**EXERCISE INPUTS**
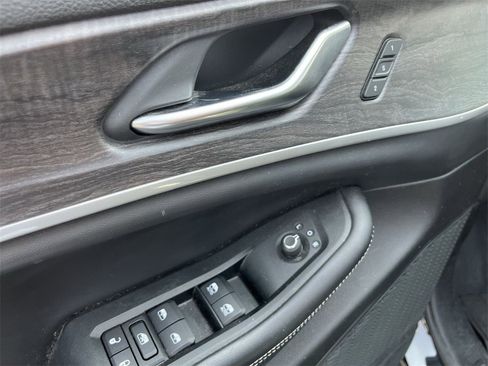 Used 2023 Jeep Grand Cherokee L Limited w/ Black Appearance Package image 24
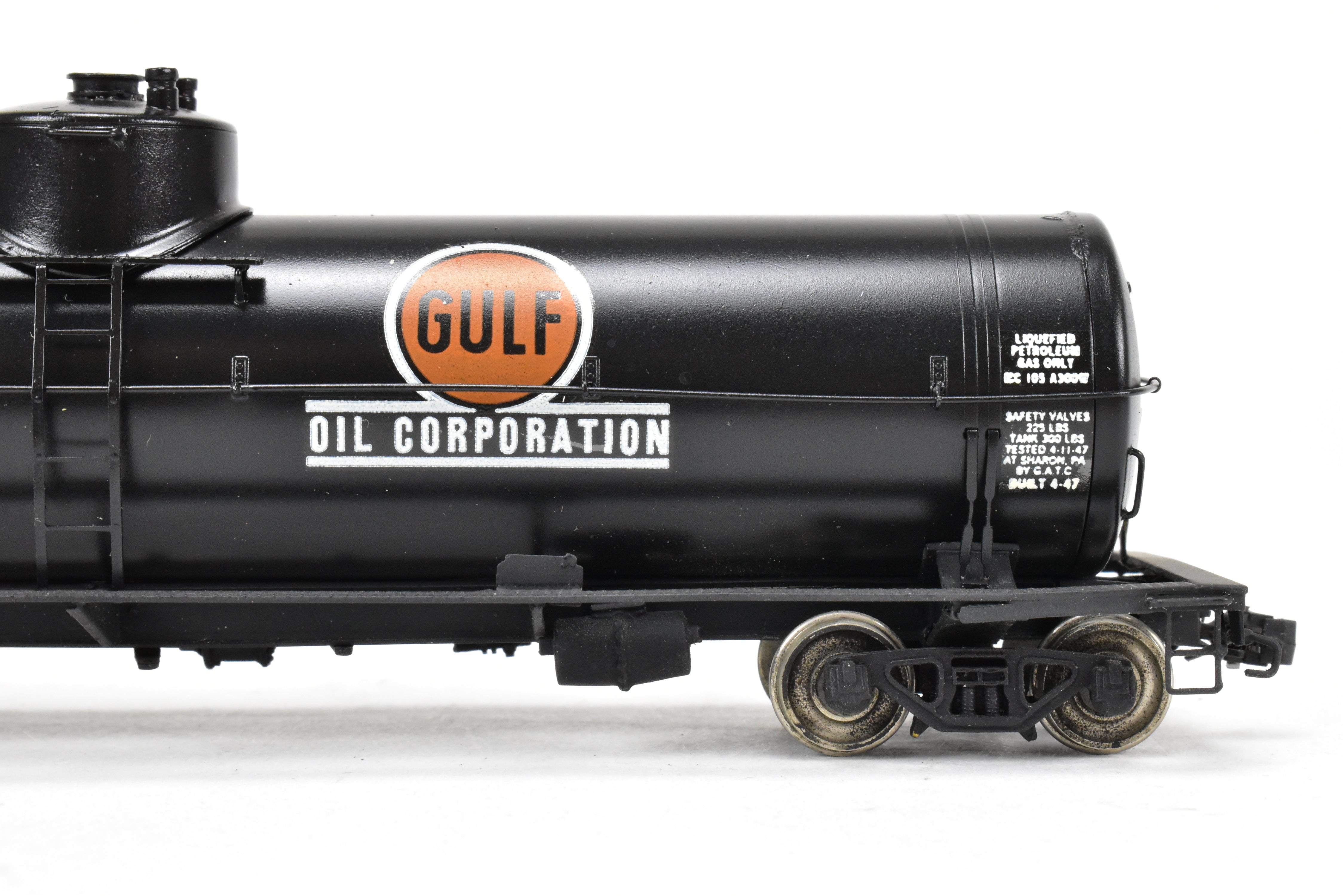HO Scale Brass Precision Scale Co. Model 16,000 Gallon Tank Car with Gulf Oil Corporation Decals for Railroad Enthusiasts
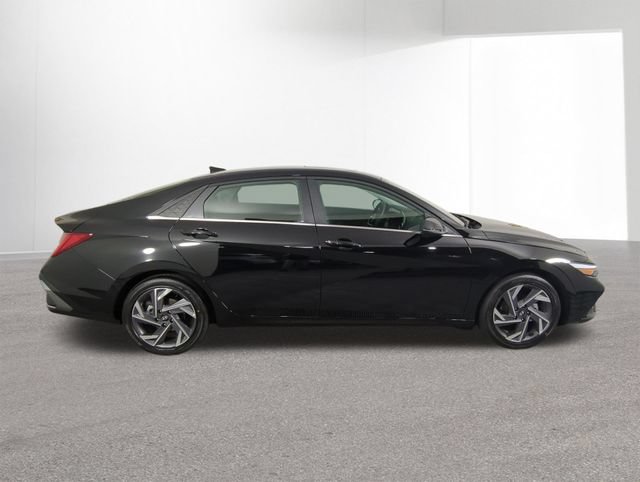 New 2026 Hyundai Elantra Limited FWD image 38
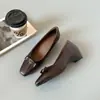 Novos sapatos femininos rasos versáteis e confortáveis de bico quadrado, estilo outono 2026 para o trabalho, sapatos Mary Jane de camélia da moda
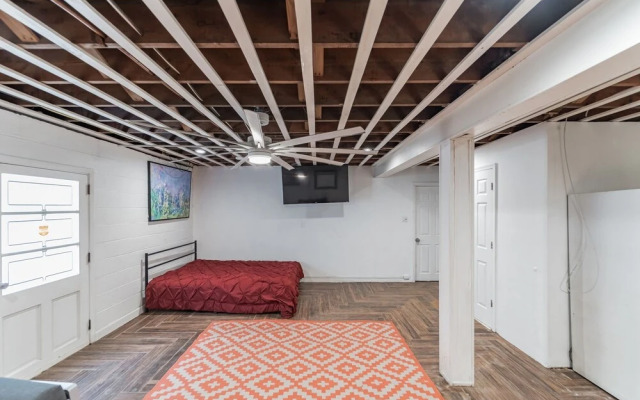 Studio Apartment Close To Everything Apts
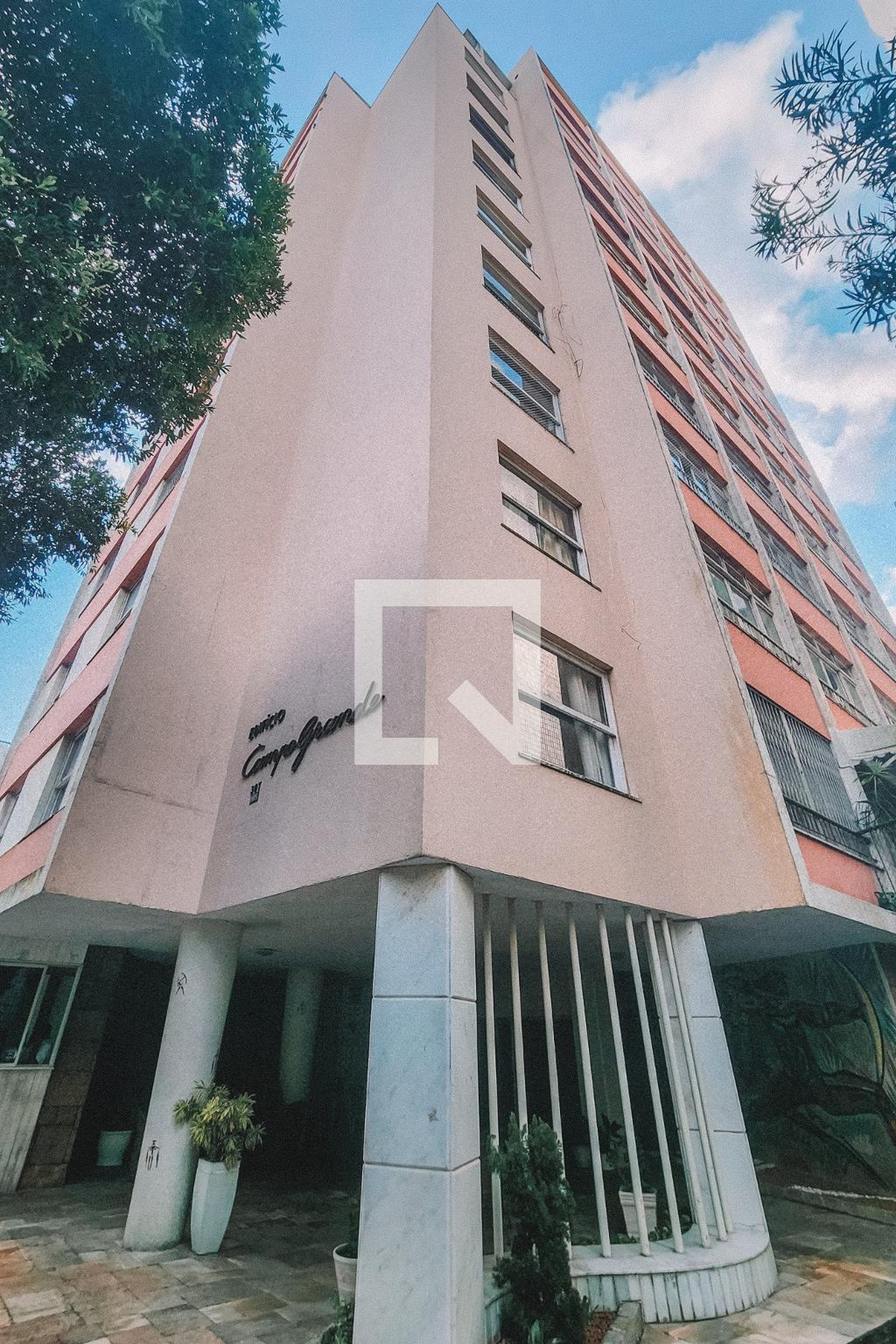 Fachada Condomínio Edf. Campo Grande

**PROBLEM DETAILS**
The answer must restate every entry word for word, with the pictures left out.

**WRITTEN ANSWER**
 Used 2023 Jeep Grand Cherokee L Limited w/ Black Appearance Package image 24
HO Scale Brass Precision Scale Co. Model 16,000 Gallon Tank Car with Gulf Oil Corporation Decals for Railroad Enthusiasts
 New 2026 Hyundai Elantra Limited FWD image 38
 Novos sapatos femininos rasos versáteis e confortáveis de bico quadrado, estilo outono 2026 para o trabalho, sapatos Mary Jane de camélia da moda
 Studio Apartment Close To Everything Apts
 Fachada Condomínio Edf. Campo Grande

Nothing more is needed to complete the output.